**Task objective**.
The output should match, line for line, the records from the line containing "vidaXL Set canapele" through the line containing "2er Set Kamera", with every picture left out.

**Stored data**.
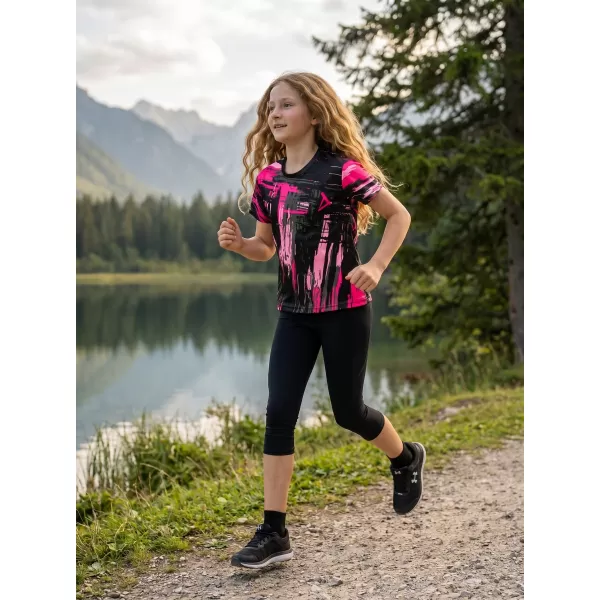  Dječja premium funkcionalna majica ALTISPORT VOJ/ALK010TR01 CRNO/SVIJETLO RUŽIČASTO 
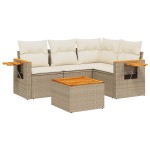 vidaXL Set canapele de grădină cu perne, 5 piese, bej, poliratan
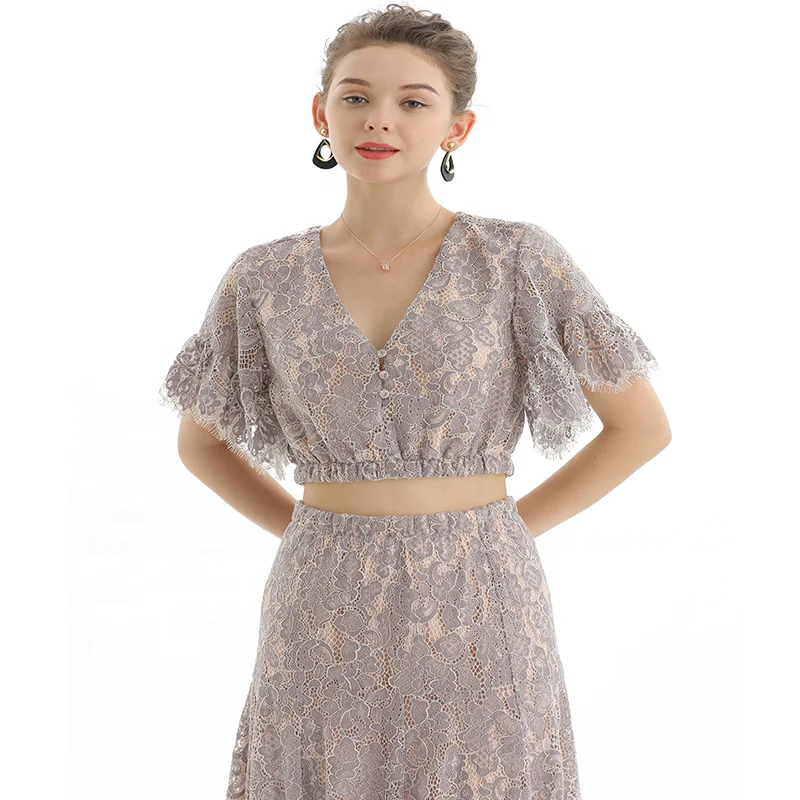

T064-2 Summer short top women luxury elegant lace Cutonts Embroidery tops woman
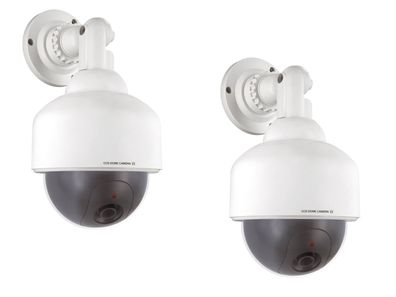 2er Set Kamera Attrappen / Dummy Dome Cameras mit blinkender LED-Anzeige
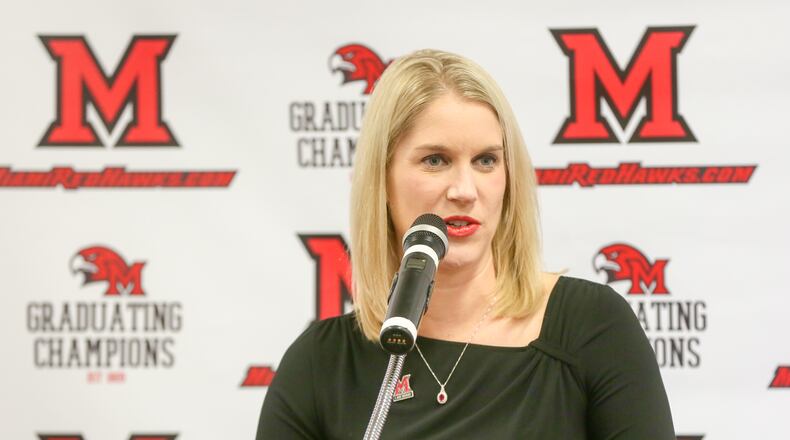 Megan Duffy was introduced as new Miami women’s basketball coach during a ceremony at the Walter L. Gross Jr. Family Student-Athlete Development Center on campus, Tuesday, Apr. 4, 2017. GREG LYNCH / STAFF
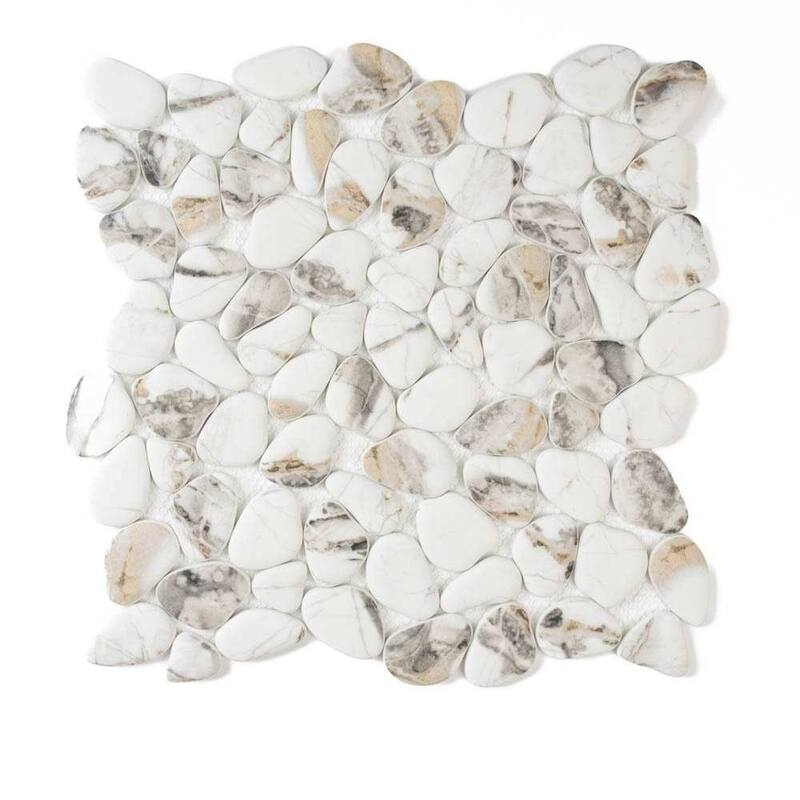The Tile Life Huron Rock 12x12 Calacatta Glass Mosaic Pebble Floor & Wall Tile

**Finished task**.
 vidaXL Set canapele de grădină cu perne, 5 piese, bej, poliratan

T064-2 Summer short top women luxury elegant lace Cutonts Embroidery tops woman
 2er Set Kamera Attrappen / Dummy Dome Cameras mit blinkender LED-Anzeige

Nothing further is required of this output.